Tive uma agradável surpresa ao dar uma passada pelo supermercado, numa destas manhãs: colocaram uma menina lindíssima no caixa. Em torno de vinte anos, longos cabelos castanhos ondulados, límpidos olhos verdes e um sorriso perfeito de dentes perfeitos.
E colocaram a moça no caixa preferencial, a esteira por onde circulam os velhos babões, como eu. Faltou colocar um cartaz amarelo, tipo display, alertando que o piso poderia estar escorregadio.
Fiquei tão embevecido com a beleza da garota que ia me esquecendo de uma caixinha com uma dúzia de ovos sobre o balcão. Mas ela me alertou: “Ai, moço!”, me passando o produto. Pensei em dizer “você diz isso pra todos (chamar de moço)”, mas minha garganta trancou e o máximo que consegui expelir foi um sorriso frouxo.

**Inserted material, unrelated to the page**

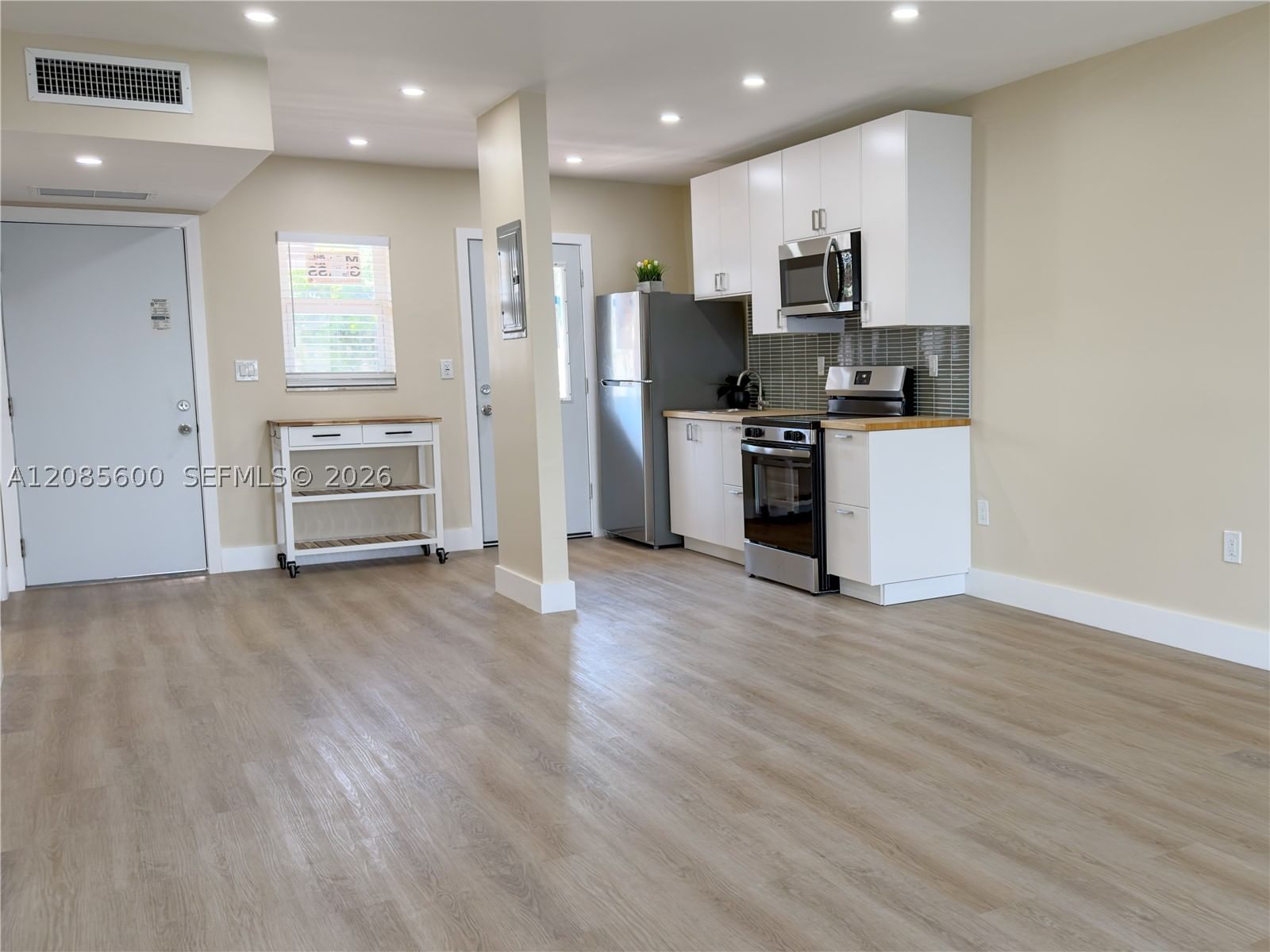 Real estate property located at 2949 Point East Dr B304, Miami-dade, Point East One Condo-bldg, Aventura, FL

O supermercado fica à beira da rodovia, a cerca de um quilômetro e meio de casa, e eu costumo ir e voltar a pé. Passei boa parte do caminho de volta tentando arquitetar o que poderia escrever no blog sobre a musa do dia. Estava tão absorto que por pouco não fui abalroado por uma bicicleta, enquanto tentava desviar de um carro parado irregularmente no acostamento.

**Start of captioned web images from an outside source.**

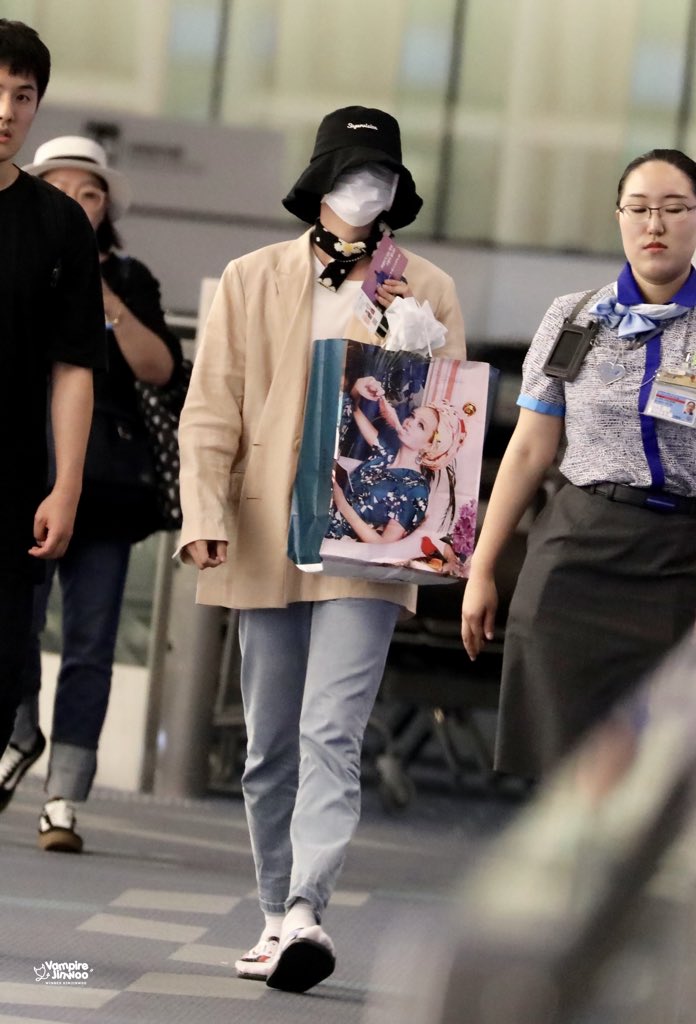 VampireJinwoo's tweet photo. 190801  HND✈️   HQ4P 

막을 수 없는 멋진💛 @official_jinu_ 

#김진우 #위너 #WINNER #진우 #JINU #KIMJINWOO #JINWOO https://t.co/2n4Gyxi2LF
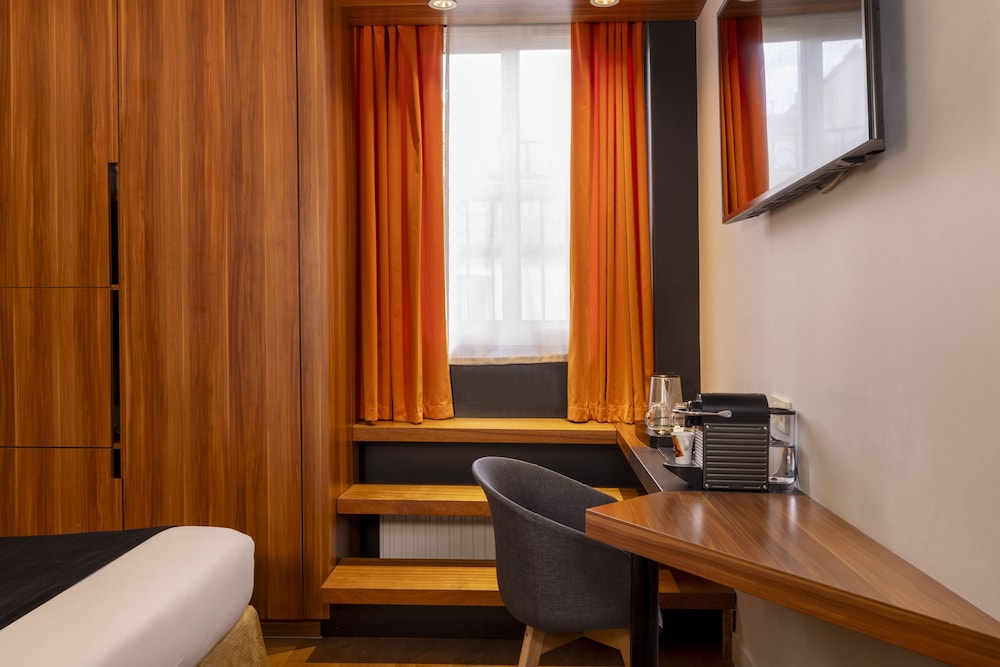 Hotel Elixir Paris 74/74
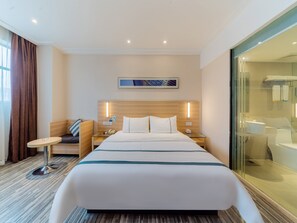 Business tweepersoonskamer | Een kluis op de kamer, een bureau, een laptopwerkplek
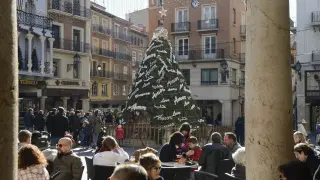 El árbol de Navidad de Teruel ha sido decorado con la palabra amor en varios idiomas.
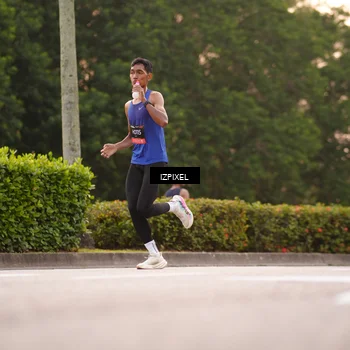 Runner Photo 6302117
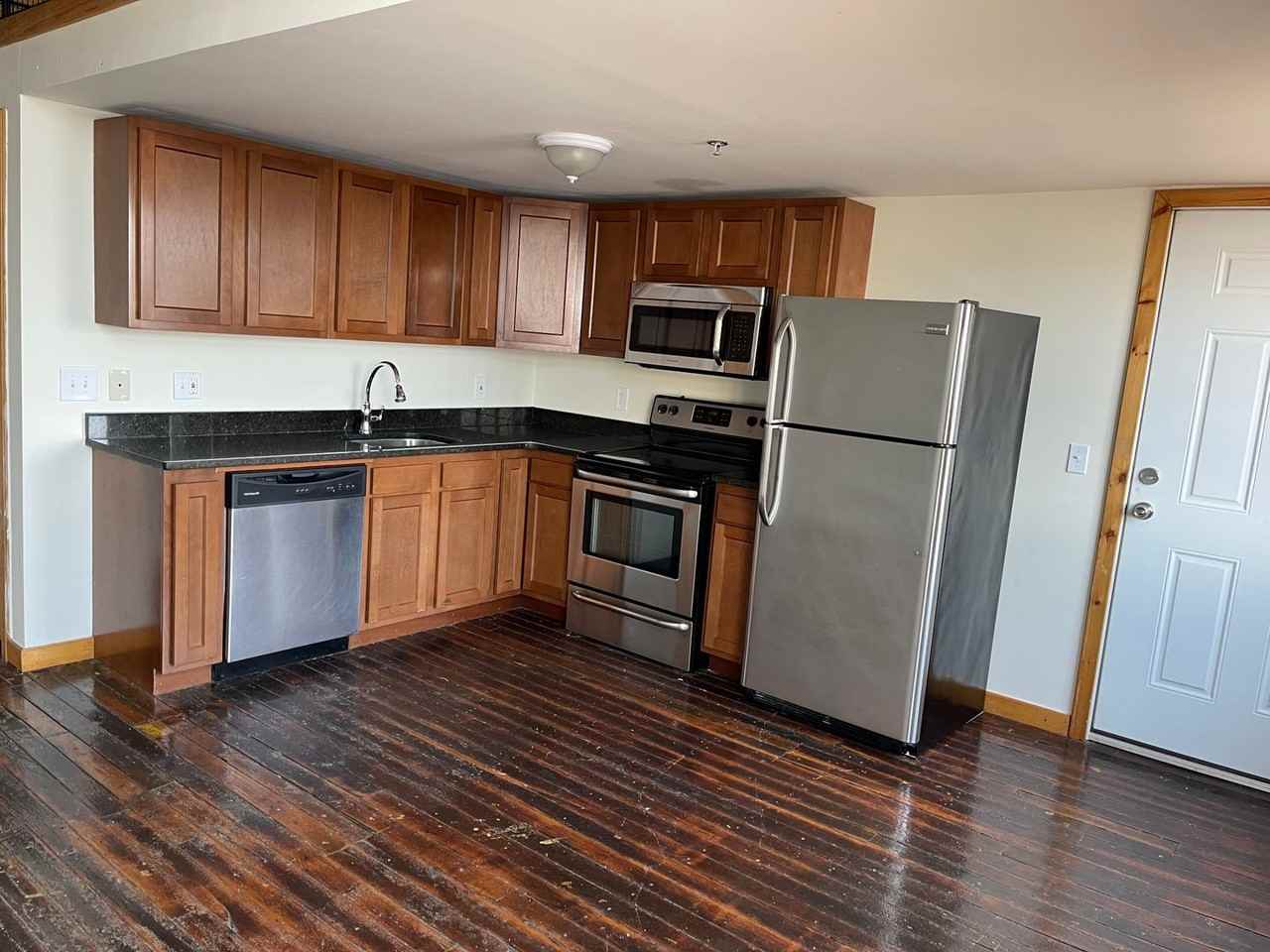 125 Goff Ave - Photo 6 of 24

Seria a segunda surpresa do dia, mas nem de longe agradável como a primeira. E o detalhe curioso é que, se o veículo me acertasse, atingiria exatamente a caixa de ovos que eu ia esquecendo em cima do balcão.
Bicicleta é um bicho sorrateiro. Não faz barulho, e você só percebe sua presença quando ela está perto o suficiente para dar o bote. Os ciclistas trafegam pelo acostamento e imaginam que os pedestres que dividem o espaço com eles andam sempre em linha reta, não tropeçam ou não resolvem parar de uma hora para outra para coçar a perna. O índice de atropelamentos nessas circunstâncias é, porém, estranhamente baixo.
No caso desta vez, o ciclista gritou “opa!” quando estava praticamente em cima de mim, mas tive tempo de puxar o braço e, principalmente, salvar a caixinha com ovos. Nada mal para quem começara o dia com a inspiração de um par de límpidos olhos verdes.